On March 20, 2014 Synta Pharmaceuticals reported on interim results from the ENCHANT-1 trial, a single-arm multi-center Phase 2 proof-of-concept study designed to evaluate ganetespib, administered as monotherapy for the treatment of metastatic breast cancer (Press release Synta Pharmaceuticals, MAR 20, 2014, View Source [SID:1234500306]). The results were presented in an oral session at the 9th European Breast Cancer Conference (EBCC) in Glasgow, Scotland.
The ENCHANT-1 trial was designed to evaluate ganetespib single agent activity in metastatic breast cancer and identify potential predictive biomarkers. Target enrollment is 35 patients in three cohorts, which include HER2+ breast cancer, triple-negative breast cancer (TNBC), and, recently added and now recruiting, ER/PR-positive patients previously untreated for locally advanced or metastatic disease. The goal of the trial design is to obtain initial evidence of a clinical activity signal with single-agent ganetespib administered for up to 12 weeks. Continuation of ganetespib as a single agent or in combination with paclitaxel after the initial assessment is at investigator discretion.

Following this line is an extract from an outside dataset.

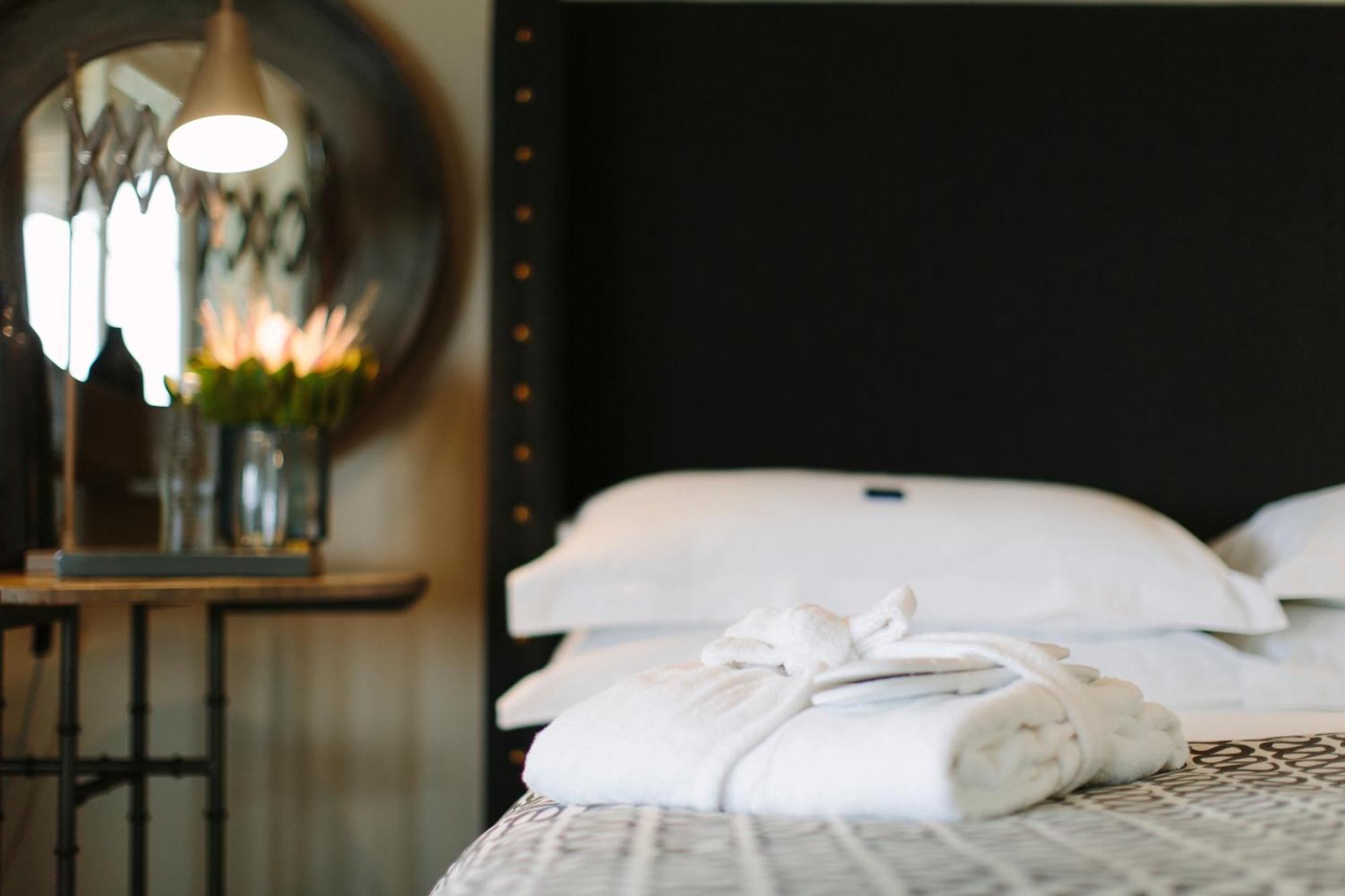 The Thatch House Boutique Hotel, Hermanus Exteriör bild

To date, 10 patients were enrolled into the HER2+ cohort and 38 patients were enrolled into the TNBC cohort. Of the patients evaluable for metabolic response based on having reached the week 3 PET assessment, 6 of 7 achieved a metabolic response in the HER2+ cohort and 18 of 31 achieved a metabolic response in the TNBC cohort. Of the 6 HER2+ and 26 TNBC patients that reached the 6 week assessment and therefore evaluable for objective RECIST response, 4 achieved an objective response (CR+PR) and two achieved stable disease (SD) in the HER2+ cohort, while 2 achieved an objective response, 11 achieved stable disease, and 13 had progressive disease in the TNBC cohort. All objective responses were confirmed by independent radiological review. Of note, one HER2+ patient achieved a complete objective response and has remained on treatment for over 10 months.
Consistent with previously reported results, diarrhea, fatigue, and nausea were the most common adverse events associated with ganetespib treatment, and were mostly Grade 1 or 2 in severity.